In all cases in which the use of allogeneic blood is predictable and/or necessary, it is suggested that the requested number of units of RCC does not exceed that of the MSBOS indication for that particular operation (Grade of recommendation: 2C+)^13,21–23.

As an initial reference, the indications from the British Committee for Standards in Haematology Blood Transfusion Task Force are proposed. These guidelines report the maximum acceptable request in standard operating conditions and in the presence of good transfusion practice (table VII).

Table VII.

Proposed Maximum Surgical Blood Order Schedule (MSBOS) for different operations.

General surgery
Cholecystectomy and exploration of the bile duct; abdominal wall repair; vagotomy	(*) T&S
Explorative laparotomy	2
Oesophagectomy	4
Laparotomic repair of hiatus hernia; gastrostomy and enterostomy; gastric resections	T&S
Total gastrectomy	2
Oesophagogastrectomy	4
Hepatic resections	2
Hepatectomy	4
Rectal resection via the abdominal-perineal route	4
Anterior resection of the rectum	2
Ileal resections	4
Resections of the colon, hemicolectomy, colectomy	2
Simple mastectomy; thyroidectomy; parathyroidectomy; liver biopsy; splenectomy	T&S
Excision of adrenal gland	3
Pancreatectomy	4
Kidney transplant; bone marrow harvest	2
Thoracic surgery
Lung biopsy; mediastinoscopy; explorative thoracotomy	T&S
Pneumectomy; lobectomy; pleural decortication	2
Cardiovascular surgery
Amputation of a leg; sympathectomy; femoral thromboendoarterectomy (TEA); carotid TEA	T&S
Aorto-femoral by-pass	2
Aorto-iliac by-pass	4
Abdominal aorta aneurysmectomy	4
Thoracic aorta aneurysmectomy	6
Saphenectomy; varicectomy	T&S
Valve replacements; aorto-coronary by-pass	4
Neurosurgery
Pituitary gland surgery; laminectomy for lumbosacral hernia discs; shunts for hydrocephalus	T&S
Excision of meningioma	2
Excision of primary/secondary brain tumours	2
Chronic subdural haematoma; cranioplasty	T&S
Cerebral aneurysmectomy	2
Urology
Transurethral resection of prostate (TURP); transurethral resection of bladder	T&S
Open adenomectomy of prostate	2
Radical prostatectomy	4
Cystectomy	4
Radical nephrectomy	2
Percutaneous pyelolithotomy	T&S
Obstetrics/Gynaecology
Caesarean section; abdominal/vaginal hysterectomy	T&S
Laparo-hysterectomy with bilateral removal of adnexae	4
Pelviectomy	6
Asportation of a vesicular mole	2
Orthopaedic surgery
Osteotomy/bone biopsy	T&S
Bone graft from iliac crest; spinal column arthrodesis	2
Hip, knee, shoulder, elbow prosthesis	2
Removal of hip synthesis systems, femoral nails	T&S
Hip prosthesis replacement	4

^*T&S = Type and Screen (Type = typing the red blood cells, with determination of ABO groups and Rh type; Screen = search for irregular red blood cell antibodies)

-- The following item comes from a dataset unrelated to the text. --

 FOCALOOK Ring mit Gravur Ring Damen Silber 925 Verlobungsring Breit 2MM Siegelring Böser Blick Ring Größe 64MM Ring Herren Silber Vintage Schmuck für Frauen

It is to be hoped that the MSBOS in every health care structure is adapted to the local reality.

The MSBOS also serves as a guide for the indication for autotransfusion. Autotransfusion must be limited to cases of elective surgery for which the predicted transfusion requirements are at least two units of RCCs and for which there is enough time to collect the autologous units and allow haematopoietic recovery (Grade of recommendation: 2C)^13,21–23.

4. Transfusion of RCCs in bone marrow transplantation

The need for RCC transfusions in bone marrow transplantation (BMT) varies greatly from patient to patient. All patients who are candidates for BMT must be transfused only with leucocyte-depleted red cells that are preferably of the same group and phenotype (Grade of recommendation: 2C+)^103–108.

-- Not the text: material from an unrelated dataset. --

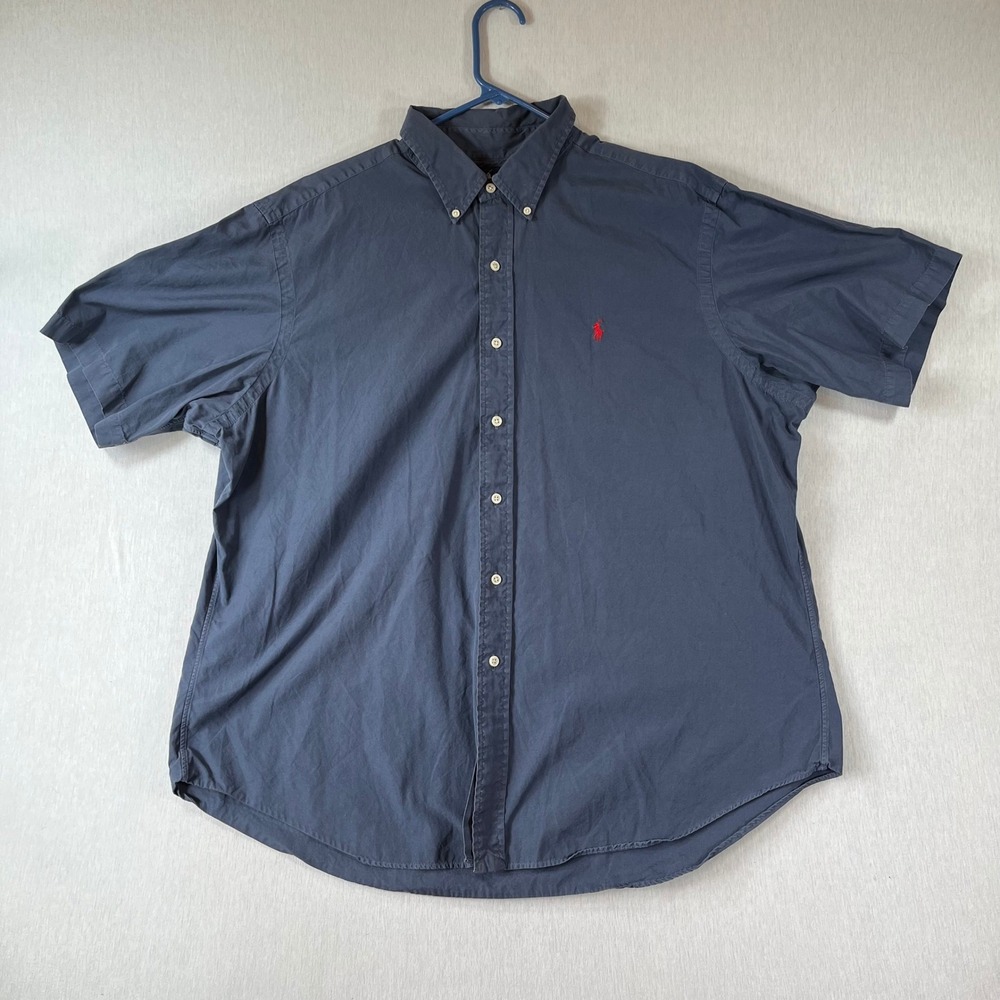Ralph Lauren Shirt Mens XXL Classic Fit Navy Blue Short Sleeve Button Down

Blood components filtered with the latest generation filters, able to reduce the leucocyte content by 99.9%, are a valid alternative to cytomegalovirus (CMV)-negative blood components (Grade of recommendation: 1C)^105,106,108.

All patients undergoing allogeneic BMT should be transfused with irradiated blood components until the start of their conditioning chemotherapy or radiotherapy. This indication also continues until graft-versus-host disease (GvHD) prophylaxis is given: usually for 6 months or until the lymphocyte count exceeds 1,000/μL. Patients transplanted for combined immunodeficiency disease or with chronic GvHD, must receive irradiated blood components for a longer period, even for as long as 2 years (Grade of recommendation: 2C+)^{105,109–111}.

In transplanted patients, the aim of transfusion during the phase of thrombocytopenia is to maintain the Htc around 30% to reduce the risk of haemorrhage (Grade of recommendation: 1C+)^83–95.

The ABO/D group of RCCs to be transfused during allogeneic BMT must be contemporaneously compatible with the donor’s and recipient’s group (Grade of recommendation: 1C+)^104,107.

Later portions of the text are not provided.